Le non-lieu dans l’affaire Bettencourt devrait inciter à la plus grande prudence. La crédibilité de la machinerie judiciaire se verrait affectée par un nouvel aveu de charges insuffisantes. Ne doutons pas que la garde rapprochée de Sarkozy déchiquèterait alors les restes d'une juge si faiblement instruite.
Le fauve politique trouve ici un champ de bataille à l’aune de son tempérament  hors norme : en l’espèce non pour assouvir son appétit du pouvoir, mais simplement pour sauver sa peau politique.
Ce coup de semonce judiciaire aura eu le mérite de faire oublier un instant la ferveur footballistique mondialisée… Les équipes en lice tiendraient ainsi l’état psychique de leur pays entre leurs pieds ? Paroxysme dérisoire de cette ère du jeu, de la détente à tout prix, de la convivialité surjouée.

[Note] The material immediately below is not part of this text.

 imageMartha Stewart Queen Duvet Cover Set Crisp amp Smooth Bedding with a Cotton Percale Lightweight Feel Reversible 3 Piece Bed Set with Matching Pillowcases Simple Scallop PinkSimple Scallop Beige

Les mêmes qui vont hurler à l’unisson pour que la France triomphe de l’Allemagne et venge le match torpillé par le gardien Schumacher et un arbitrage au fond de culotte douteux, les mêmes se seraient mis tout ce qu’ils pouvaient sur la tronche si l’affiche avait présenté : France-Algérie. Oui, je sais ! je frôle le sportivement incorrect : la façon dont certains occiputs rasés ont fêté la victoire des Fennecs relevait davantage de  la provocation à l’adresse des nationaux que de la sincère jubilation. Mais là… carton rouge ! Ne surtout rien dire, minimiser voire nier dans le pur respect du bréviaire gestionnaire de l’autruche.

M’en fous ! Mon confort, au contraire d’un Sarkozy, c’est de n’être ni écouté, ni lu…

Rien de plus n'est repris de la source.